Figure 7. Transient Inhibition of Autophagy Rescues Glucose Intolerance, Insulin Secretion, and Insulin Storage in HFD-fed Becn1^F121A Mice

(A) Experimental scheme of the rescue experiment. Briefly, mice were treated with HFD for 4 weeks and subject to 5 injections of the autophagy inhibitor SBI-0206965 (SBI) or vehicle (DMSO) once daily in the final week, prior to GTT. (B) Short-term autophagy inhibitor treatment improves glucose tolerance in autophagy-hyperactive mice. GTT of WT (upper panels) or Becn1^F121A (lower panels) mice treated with HFD and SBI-0206965 (SBI) or vehicle (DMSO) as in (A).
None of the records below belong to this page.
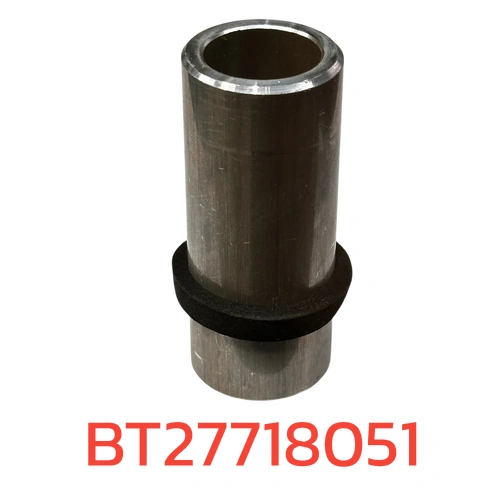 Front Wheel Hub Spacer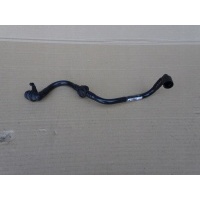 Volkswagen audi a3 skoda seat 2.0tdi провода сервоприводы 1k0612041bc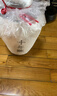 咸亨牌花雕冬藏十年陈酿绍兴特产黄酒5L大坛装送礼热门特型纯粮糯米老酒 实拍图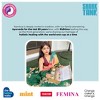 Liver Cleanse Tea+ | Milk Thistle & Ayurvedic Superherbs for Cholesterol & Fatty Liver | Ayurveda + Science - 4 of 4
AUC, area under the curve. n = 6–12; t test. ***p < 0.001; t test. (C) ELISA analyses of plasma insulin levels at 0 min, 15 min, and 30 min after glucose injection in WT or Becn1^F121A mice treated with HFD and SBI-0206965 (SBI) or vehicle (DMSO) once per day for 5 days. n = 10–13; one-way ANOVA. (D) ELISA analyses of insulin levels in pancreas of WT or Becn1^F121A mice treated with HFD and vehicle (DMSO) or SBI-0206965 (SBI) once per day for 5 days. n = 5–9; one-way ANOVA. (E) ELISA analyses of insulin levels in pancreas of WT or Becn1^F121A mice treated with HFD and chloroquine (CQ) once per day for 5 days. n = 5–8; one-way ANOVA. (F) Representative EM images (left) and quantification (right) of insulin granules in islets of HFD-fed WT or Becn1^F121A mice treated with vehicle, SBI-0206965 (SBI), or chloroquine (CQ) once per day for 5 days. The number of mature, immature, and rod-like insulin granule vesicles was categorized. Scale bar, 2 μm. n = 3; one-way ANOVA. Data represent mean ± SEM. *p < 0.05; **p < 0.01; ***p < 0.001; NS, not significant. (G) Two different rheostat models of autophagy in insulin-producing β cells versus insulin-responsive tissues (such as muscle, liver, and adipose tissue). In insulin-responsive metabolic organs, relatively higher autophagy caused by Becn1^F121A gain of function (yellow star) is beneficial for insulin sensitivity, yet excessive autophagy may cause cell death or malfunction. In comparison, in β cells the curve is shifted to the left due to their unique insulin-secretory function, which is also regulated by autophagy. In either tissue, autophagy deficiency caused by deletion of autophagy genes (Becn1 or Atg7, red cross) impairs the physiological function.